One of the results of the recent protests over racial injustice is a growing awareness of Juneteenth. In case you aren’t familiar with Juneteenth, it marks the anniversary of June 19, 1865, when the last group of enslaved Texans learned that they were free – two months after the end of the Civil War and a whole TWO AND A HALF YEARS after the Emancipation Proclamation. While Juneteenth, sometimes called Emancipation Day, has been observed in some states and local communities for years, there has been a push for many years for it to become a national federal holiday. Even without that official recognition, many in the African American community across the country celebrate Juneteenth with parades, cookouts, reunions, and rejoicing in Black culture.

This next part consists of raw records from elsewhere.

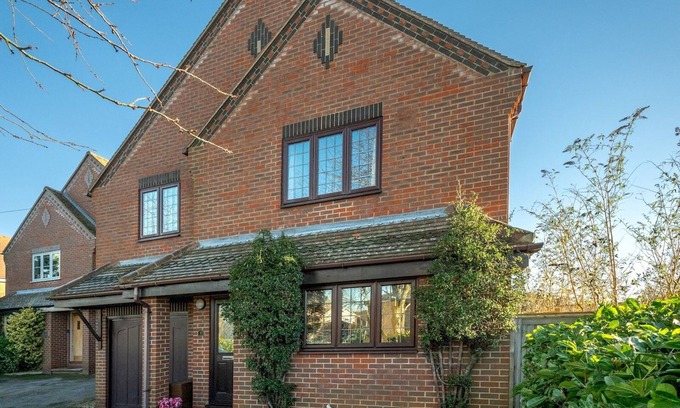 Shabbington House | Pass the Keys | Cosy & Rural Chilterns Hideaway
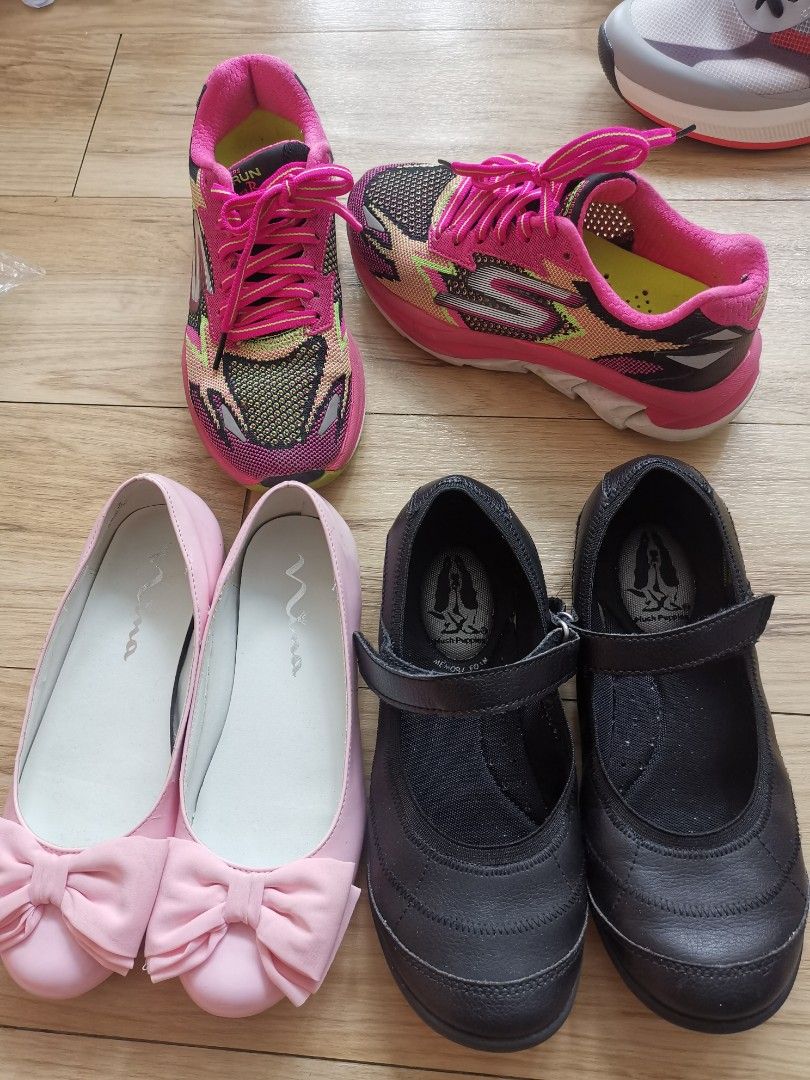 Skechers hush puppies Carousell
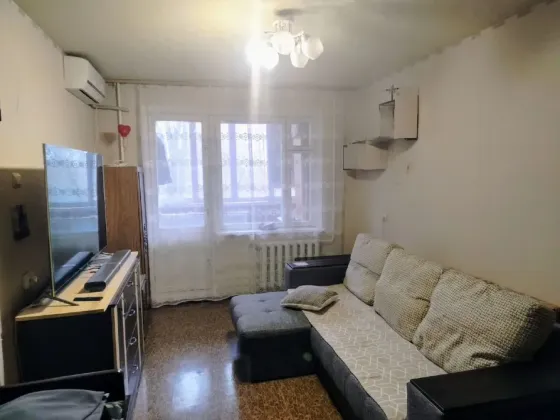 Продается 2 - х комнатная квартира, пр-т Ильича Донецк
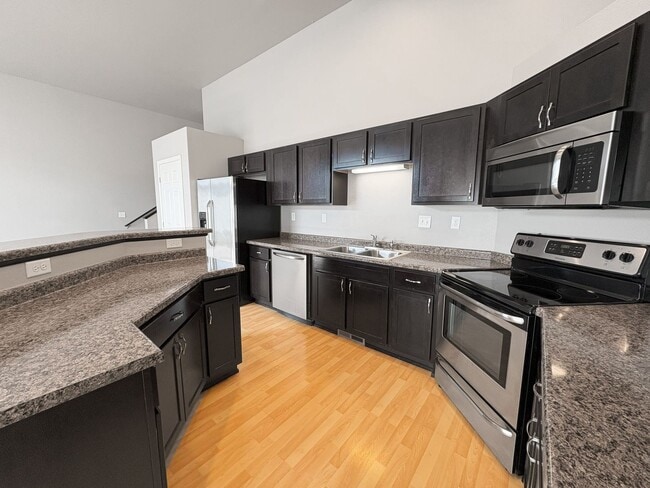 Stonebridge Town Homes, Minot, ND 58703 - photo 6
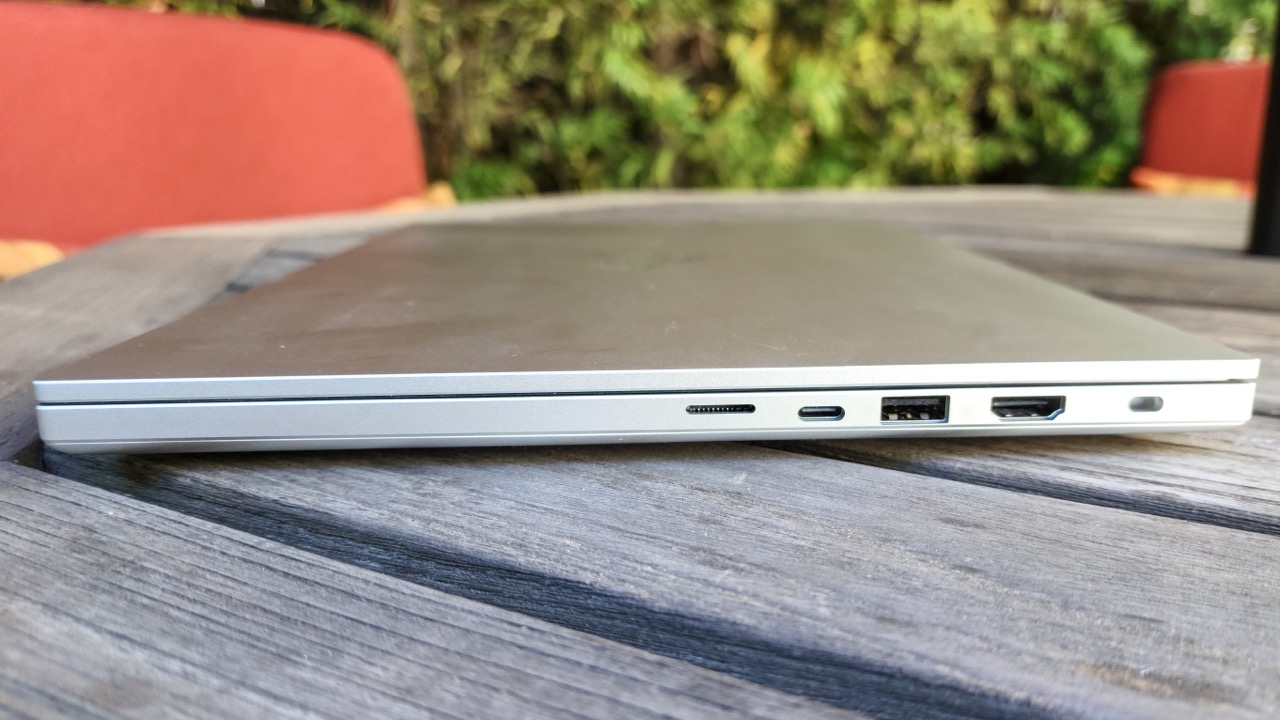Razer Blade 14 (2025) ports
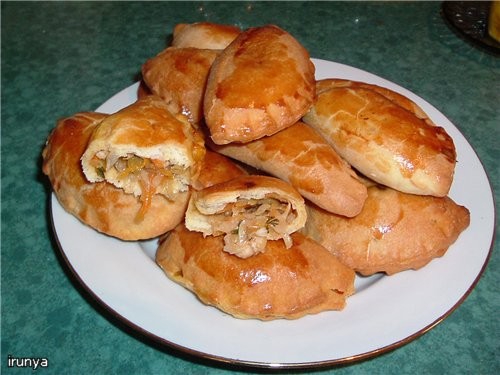 Пирожки с куриной грудкой и тушеной капустой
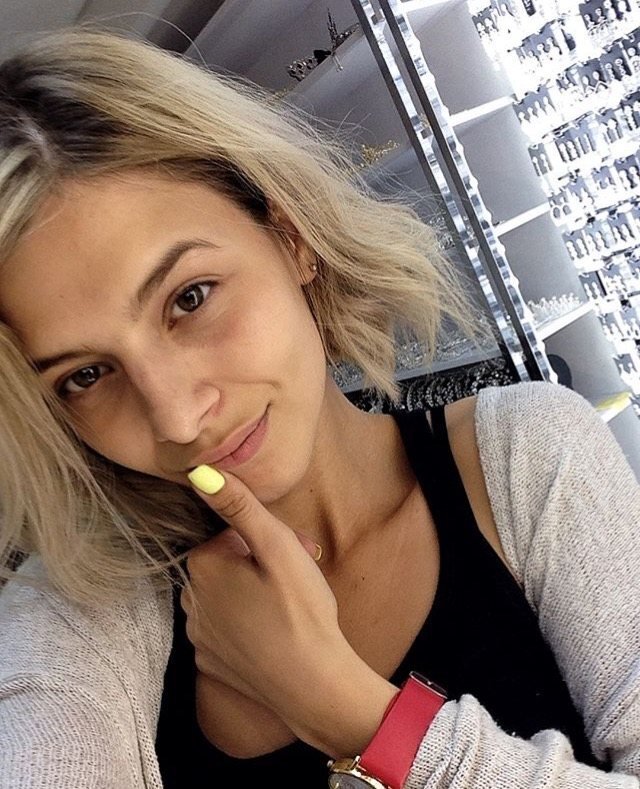 照片Ana Kozuharova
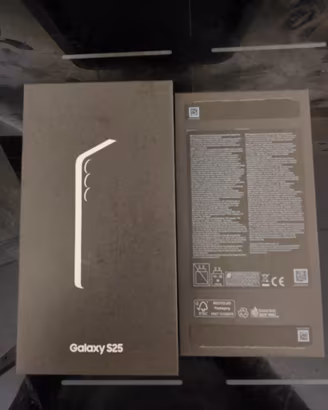 Scatole Samsung S25 e Samsung Z Flip6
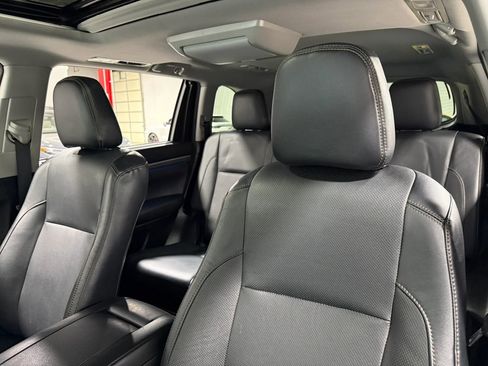 Used 2018 Toyota Highlander Limited AWD/4WD image 17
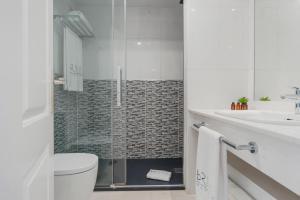Kúpeľňa v ubytovaní Moderno y luminoso apartamento en Las Gaviotas- Puerto Banús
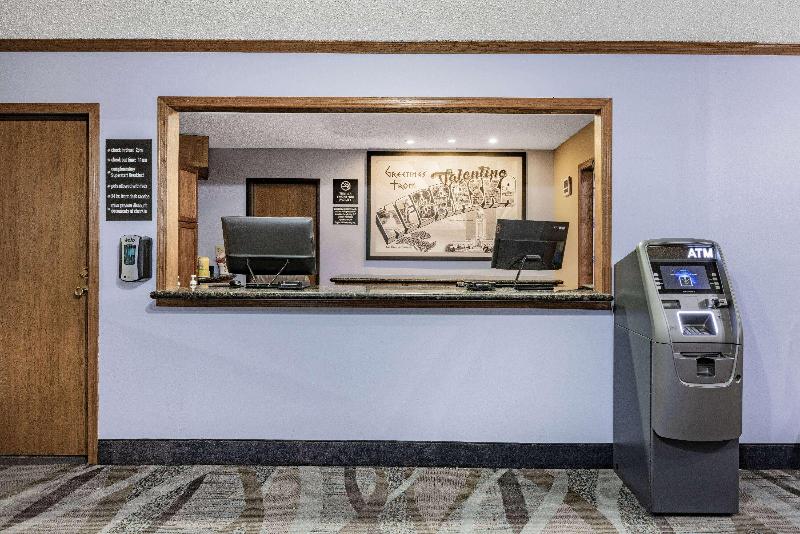 Super 8 By Wyndham Valentine Ne image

In 2020, Juneteenth is finally gaining the attention it deserves. Many companies, including Nike, Target, Twitter, and more, are making it a paid holiday for employees. And among those? The Boys & Girls Clubs of America National Office in Atlanta. Because of the advocacy of Black staff, your National Office will spend the day in celebration and reflection on an annual basis.
We should have written a post on how to celebrate Juneteenth with your members earlier than this. My (Sarah here) commitment to you is that next year, we will have ideas and activities for you well in advance of the day, so that you can include them in your program plans and be able to gather any supplies you may need. But at Boys & Girls Clubs we have lots of experience with last-minute adjustments to the plan, so I didn’t want to let the day pass without providing a few ideas that require little to no planning. Some of these are from online and some of them are from your colleagues across the Movement.
Watch a video about Juneteenth and have a discussion.
There are lots of kid-friendly videos online that quickly explain Juneteenth. At Boys & Girls Clubs of Tarrant County, youth will watch this video from PBS Learning and have an open discussion.
This channel has a couple of videos about Juneteenth, as well as biographies of many famous Black Americans.
This one is more age-appropriate for your tweens and teens.
Complete a Juneteenth art project, such as sidewalk art or a poster contest.
Also in Tarrant County, members will head outside (socially distanced of course) to express their feelings and what freedom means to them through sidewalk art. Chalk would be perfect, but if you don’t have any on hand, take your art supplies outside anyway and enjoy the sun. The Boys & Girls Clubs of Lawrence has a great Pinterest board with ideas for Juneteenth. One is that their 1st-3rd graders make posters expressing their definition of freedom. They also learn about the day from a teacher, hear a history presentation, and have an essay contest. While you may not have time to organize a presentation this year, you can always do a simple art project after watching one of the videos above.
Explore virtual exhibits at museums across the country.
Many museums have developed virtual exhibits since they aren’t open to the public right now. Here are just a few, and consider checking your local history centers or community organizations to see if they have anything planned.
Amistad Center – Learn about rich African American traditions and culture through art, storytelling, music, and dance!
National Museum of African American History & Culture – Watch the video as the Museum’s Founding Director Lonnie Bunch III leads a tour through our Slavery and Freedom exhibition, highlighting stories behind some of our most popular objects, including Nat Turner’s bible, freedom papers of free African Americans and a Sibley tent that housed African Americans who ran from Southern plantations in search of freedom with the Union army.
Atlanta History Center – Curated list of many resources, including music, art, history exhibits, and even an animated comic.
Incorporate JOY and FUN in whatever you decide to do.
One of the best parts about Juneteenth is how it is truly a CELEBRATION of the perseverance and spirit of Black people in America. So while it is vital to learn about the wrongdoing of the past and the continued injustice that occurs today, Juneteenth should be infused with joy as well. We all know youth love special treats- at Boys & Girls Clubs of Ulster County, where in-person programming is still closed, the Club will be doing a popsicle pop-up party for members, where they can stop by, get a popsicle from the side window, and creating a photo and information area for families to socially-distanced browse. Popsicles, pizza, hot dogs, or red fruits like strawberries and watermelon (red foods are a symbol of the resilience and ingenuity of enslaved people) are all easy and yummy treats. Also consider listening to music by Black artists while you party – Spotify and Apple Music have playlists for Black Music Month, though as with all pop music, you will want to filter explicit content in settings.
Personally? Since I am still socially distancing at home, I’ll be spending the day learning and reflecting, and I invite you to join me if you are in a similar situation. I’m going to watch 13th on Netflix then participate in a discussion with colleagues next week, attend an online celebration here in Atlanta, order from a Black-owned restaurant, and start the novel The Vanishing Half by Brit Bennett. And I’m excited to hear from YOU how you observe Juneteenth with your members so that we can build an EPIC post for next year!